Showing posts with label Eleanor of Aquitaine. Show all posts
Showing posts with label Eleanor of Aquitaine. Show all posts

Wednesday, October 28, 2015

Eleanor of Aquitaine

Aquitaine

Eleanor of Aquitaine – Powerful/Enthralling Personalities


Eleanor of Aquitaine was considered to be the most powerful as well as enthralling personalities of feudal Europe. She was a major figure in the middle ages as well as a prominent personality in women’s history.

She was the eldest daughter of William, Duke of Aquitaine and had married Louis VII, King of France at the age of 15 bringing with the union, her enormous possessions from the River Loire to the Pyrenees. At 19, she knelt in the cathedral of Vezelay before the celebrated Abbe Bernard of Clairvaux and offered him thousands of her vassals for the Second Crusade.

Queen Eleanor had appeared at Vezelay in the attire of an Amazon galloping through the crowd on a white horse, advising them to join the crusades. Though it is said that the church may have been delighted in receiving her thousand fighting vassals, they were not happy when they learned that Eleanor had along with 300 of her ladies planned to help and tend to the wounded. Her presence together with the ladies and wagons of female servants was disapproved by commentators throughout her adventure. Dressed in armour and carrying lances, the women did not fight.

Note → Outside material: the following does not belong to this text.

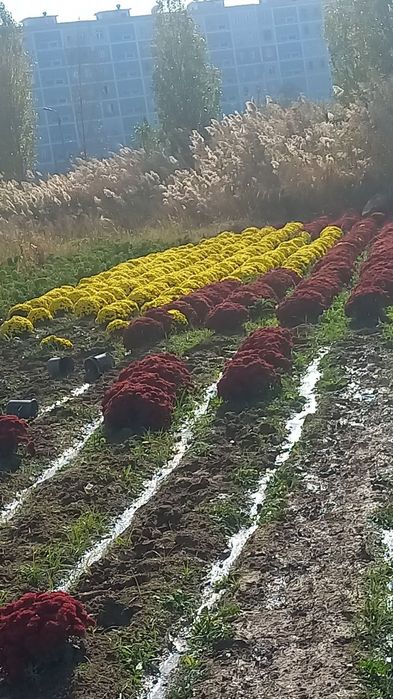 Xirzantema globus gullari sotiladi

Eleanor’s Announcement - Marriage Invalid


When they reached the city of Antioch, Eleanor was in deep renewed friendship with Raymond her uncle who had been appointed prince of the city. Raymond was only a few years older than Eleanor and was handsome and far more interesting than her husband, Louis.

Eleanor supported his views when he had decided that the best strategic objective of the Crusade was to recapture Edessa and protect the Western presence in the Holy Land. Louis however was more engrossed in reaching Jerusalem which seemed a less sound goal and demanded Eleanor to follow him to Jerusalem.

Eleanor furious, announced to all that their marriage did not seem to be valid in the eyes of God since they were related through some family links to the extent which was prohibited by the Church. Nonetheless Louis compelled Eleanor to honour her marriage vows and ride with him. The expedition resulted in failure and a defeated Louis and Eleanor returned to France in separate ships.
Eleanor

1152 – Officially Divorced – Married Henry of Anjou


During the Second Crusade, her relationship with her husband worsened and in 1152, they were officially divorced. Thereafter she married Henry of Anjou and over the next thirteen years, the royal couple had eight children, five sons and three daughters. Queen Eleanor was very much occupied in the ruling of King Henry II’s huge empire in France and England.

However Henry and Eleanor finally separated and Henry had her imprisoned in 1173 for supporting her son who had revolted against Henry and was not released till 7 July 1189 when Henry died. Their son ascended the English throne as Richard I. Eleanor acted as regent while Richard went on the Third Crusade when on his return he was captured and held a prisoner.

Eleanor lived well into the reigns of her son John, who was the youngest.By the time of her death she had outlived all her children except for King John and Queen Eleanor of Castile.Bestowed with intelligence, creative energy together with remarkably long life, she played a major role in the 12th century, an inspiring achievement since medieval women had been considered as nothing more than chattel.

As the queen partner of King Louis VII of France and of King Henry II of England and as the mother of King Richard I and King John, she was in the limelight exercising power over the most important men of her time.